=== Input data ===

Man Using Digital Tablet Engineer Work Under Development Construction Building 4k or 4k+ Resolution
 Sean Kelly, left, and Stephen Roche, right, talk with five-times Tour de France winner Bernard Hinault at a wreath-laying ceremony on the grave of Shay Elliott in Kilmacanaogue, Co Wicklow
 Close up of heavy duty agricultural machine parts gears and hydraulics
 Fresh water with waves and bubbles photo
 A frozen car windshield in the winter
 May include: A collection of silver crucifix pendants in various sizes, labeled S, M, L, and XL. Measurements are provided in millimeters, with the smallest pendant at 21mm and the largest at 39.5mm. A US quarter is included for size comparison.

===

▶ **What this task involves**: Retype the entries exactly, including every line.

▶ **Your response**:
Man Using Digital Tablet Engineer Work Under Development Construction Building 4k or 4k+ Resolution
 Sean Kelly, left, and Stephen Roche, right, talk with five-times Tour de France winner Bernard Hinault at a wreath-laying ceremony on the grave of Shay Elliott in Kilmacanaogue, Co Wicklow
 Close up of heavy duty agricultural machine parts gears and hydraulics
 Fresh water with waves and bubbles photo
 A frozen car windshield in the winter
 May include: A collection of silver crucifix pendants in various sizes, labeled S, M, L, and XL. Measurements are provided in millimeters, with the smallest pendant at 21mm and the largest at 39.5mm. A US quarter is included for size comparison.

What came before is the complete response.